Zucker then provided examples of taxilanes at other airports that don’t follow the FAA recommendation, including Piedmont Triad International, Rocky Mount/Wilson Regional and Cape Fear Regional. 

“We appreciate you and your team taking the time to review these safety issues and we expect a swift response/mitigation of these issues as there are some very big safety concerns according to ILM’s position on the guidelines,” Zucker wrote, later requesting a response by June 4. 

Reiss told Port City Daily it has yet to come through. 

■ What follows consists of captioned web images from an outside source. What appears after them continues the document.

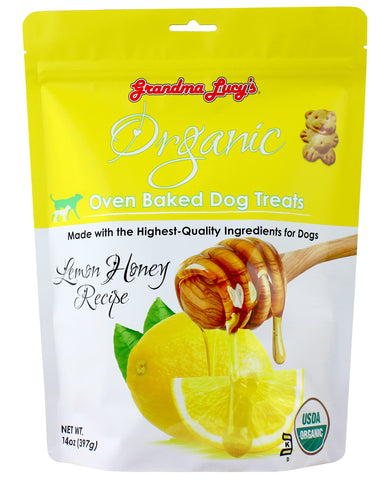Grandma Lucys Organic Oven-Baked Dog Treats, Lemon Honey 14 Ounce (Pack of 1)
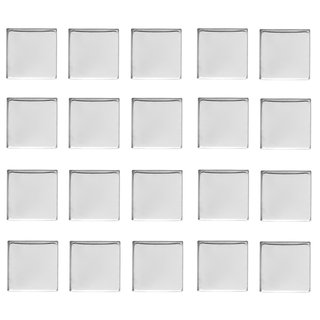 Empty Metal Pans 20 Pack - Square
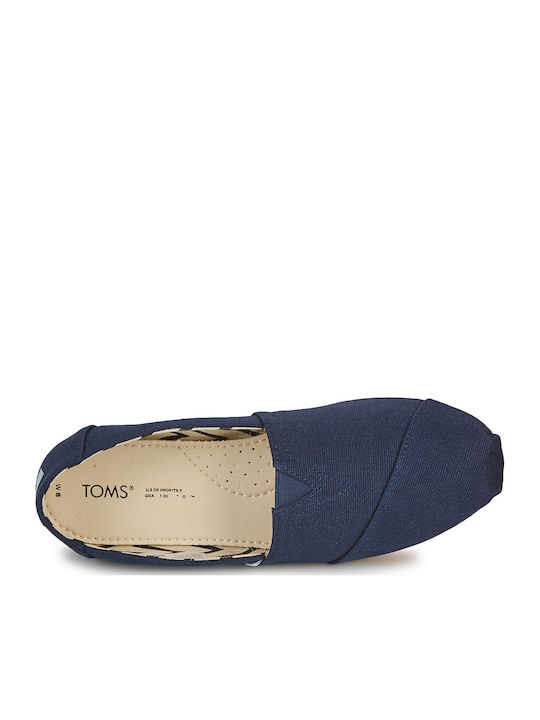 Alpargata Women's Fabric Espadrilles Navy Blue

ILM told PCD though it is still reviewing Zucker’s assertions, they “do not alter ILM’s requirement that the ARQ site plan comply with FAA guidelines” as noted in its Advisory Circular. 

Reiss maintains the FAA recommendations are just that — recommendations. The advisory circular states: “The FAA recommends using the standards and guidelines in this AC for application at civil airports. This AC does not constitute a regulation, is not mandatory, and is not legally binding in its own right.” 

In a previous press release, ILM points to another statement in the Advisory Circular to back its claims, one that notes compliance may be mandatory for projects funded with certain types of federal assistance. Though ILM receives federal grants, ARQ is wholly funded with private dollars.

While ILM claims the hangar door issue is based on safety, ARQ has other ideas, mainly based on when the issue was flagged. 

In May, sources with direct knowledge of the plans told Port City Daily ARQ submitted its plans in April 2024. It began monthly meetings with airport leadership, including Bourk, in November 2024 and resubmitted plans in December 2024 based on feedback from leadership. 

Emails shared with Port City Daily show Bourk sent preliminary comments on the site plan to ARQ on April 11, 2024 and December 20, 2024. There is no mention of the hangar doors in either response. 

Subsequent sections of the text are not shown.